== TASK DESCRIPTION ==
What you return should be the line containing "Building Photo - 129 E Bancroft Dr" and each line after it to the end of the records, copied exactly.
**** THE DATA ****
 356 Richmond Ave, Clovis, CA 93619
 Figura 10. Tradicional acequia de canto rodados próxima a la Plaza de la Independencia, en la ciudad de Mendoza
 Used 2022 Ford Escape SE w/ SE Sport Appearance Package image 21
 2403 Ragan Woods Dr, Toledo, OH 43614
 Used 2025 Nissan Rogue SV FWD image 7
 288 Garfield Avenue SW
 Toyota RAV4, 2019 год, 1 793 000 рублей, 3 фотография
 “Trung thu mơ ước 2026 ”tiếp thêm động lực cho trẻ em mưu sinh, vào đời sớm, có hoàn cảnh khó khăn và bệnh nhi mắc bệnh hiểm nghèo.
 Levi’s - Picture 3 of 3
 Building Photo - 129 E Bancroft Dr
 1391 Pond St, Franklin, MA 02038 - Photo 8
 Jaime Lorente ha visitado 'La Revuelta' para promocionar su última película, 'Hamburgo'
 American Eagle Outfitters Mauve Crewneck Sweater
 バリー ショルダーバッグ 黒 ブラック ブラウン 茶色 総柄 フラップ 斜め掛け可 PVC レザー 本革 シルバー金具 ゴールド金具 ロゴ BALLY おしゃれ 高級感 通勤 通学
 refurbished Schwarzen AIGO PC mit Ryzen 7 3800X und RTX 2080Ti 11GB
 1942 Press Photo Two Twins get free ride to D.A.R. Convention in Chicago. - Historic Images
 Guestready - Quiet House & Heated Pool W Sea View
****
== SOLUTION TO THIS PROBLEM ==
 Building Photo - 129 E Bancroft Dr
 1391 Pond St, Franklin, MA 02038 - Photo 8
 Jaime Lorente ha visitado 'La Revuelta' para promocionar su última película, 'Hamburgo'
 American Eagle Outfitters Mauve Crewneck Sweater
 バリー ショルダーバッグ 黒 ブラック ブラウン 茶色 総柄 フラップ 斜め掛け可 PVC レザー 本革 シルバー金具 ゴールド金具 ロゴ BALLY おしゃれ 高級感 通勤 通学
 refurbished Schwarzen AIGO PC mit Ryzen 7 3800X und RTX 2080Ti 11GB
 1942 Press Photo Two Twins get free ride to D.A.R. Convention in Chicago. - Historic Images
 Guestready - Quiet House & Heated Pool W Sea View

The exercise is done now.